Mendoza's "Recycled" Winery — Argentine Eco Architecture With A Splash

Architects in Mendoza, western Argentina, have used hundreds of tons of recycled building material, shipping containers and discarded decorations to create an otherwise high-tech winery.

Photo of Maalwines' winery Las Compuertas, Mendoza, Argentina

Maalwines' trash recycled winery Las Compuertas, Mendoza, Argentina

Graciela Baduel

MENDOZA — Winemaking and wine tourism installations are usually built with a tasteful nod at the landscape around them. In the case of the MAAL winery in western Argentina, its environment-friendly design includes use of 300 tons of discarded construction and decoration materials found in and around the district of Mendoza.

Local architects Mora Hughes wanted to make the project a badge of their "commitment to nature," but with all the "charm of a Mendoza winery." MAAL winery is in Las Compuertas, on the outskirts of the city of Mendoza and at the heart of a celebrated winemaking region.


Their design won a bronze medal in the Architecture and Landscapes category at the 2023 Best of Mendoza's Wine Tourism awards. MAAL is an acronym of the owners' names, Matías and Alfredo, though they insist it also means Malbec As Alfredo Likes. The label only uses its own Malbec grapes and only "the way Alfredo likes it."

Photo of Maalwines' winery construction in Argentina

First moments of Maalwines' recycled winery

Maalwines Instagram

Eco-friendly designs


The winery sits on a narrow strip and is effectively a rectangular tube, with the produce introduced at one end, and passed along and processed to end up as wine in barrels at the other. Fermentation and storage happen in small concrete tanks holding between 50 and 200 hectoliters, and stainless steel vats and barrels with capacity ranging from 225 to 500 liters. The winery produces some 200,000 bottles a year, sold in eight countries including Argentina.

They used bits of flooring or roofing from wineries facing demolition, pipe segments and 20 disused shipping containers.

Wanting to minimize construction emissions, the architects decided to reuse local construction elements, including bits of flooring or roofing from defunct wineries facing demolition, pipe segments and 20 disused shipping containers. They brought in items like postal service furniture, church pews, old tractor seats, aluminum roof paneling from a local hotel, the Aconcagua, and even an old minibus still waiting to find its use. These were neatly laid out by the building site before work began.

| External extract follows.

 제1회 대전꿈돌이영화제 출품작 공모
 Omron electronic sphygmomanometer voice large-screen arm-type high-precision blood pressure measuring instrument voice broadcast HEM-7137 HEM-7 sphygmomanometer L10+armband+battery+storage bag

This proliferation of recovered material prompted challenges, requiring flexibility and adaptation during construction, which meant intermittent delays. The design evolved and with the containers at least, the architects seemed at times to toy with options like kids playing with giant Lego bricks. These have ended up as a wall around the central structure, serving variously as offices, labs, storage or tasting rooms.

The winery's surfaces have kept a rough finishing that says something of their previous lives as bits of other buildings. The shipping containers were cleaned, but without wiping away their original colors, wooden beams and paneling are neatly cut but were not sanded down too much nor repainted or varnished, keeping thus their original tones. Much of the furniture is recycled or made from hard-plastic fruit crates.

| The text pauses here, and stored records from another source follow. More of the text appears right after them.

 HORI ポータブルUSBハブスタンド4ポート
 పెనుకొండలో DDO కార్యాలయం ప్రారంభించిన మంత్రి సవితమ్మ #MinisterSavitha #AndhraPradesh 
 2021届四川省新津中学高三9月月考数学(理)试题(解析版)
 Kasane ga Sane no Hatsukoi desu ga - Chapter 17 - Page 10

The building also maximizes access to sunlight and natural air currents, through ample light shafts and air corridors that can be regulated to adjust airflow and temperatures. The only new things it seems are the winery's top-end equipment.

Mora Hughes, a studio run by Eugenia Mora and Tom Hughes, have undertaken a range of design projects around Mendoza including the Zuccardi winery and its restaurant Piedra Infinita, the Cavas Wine Lodge and private homes.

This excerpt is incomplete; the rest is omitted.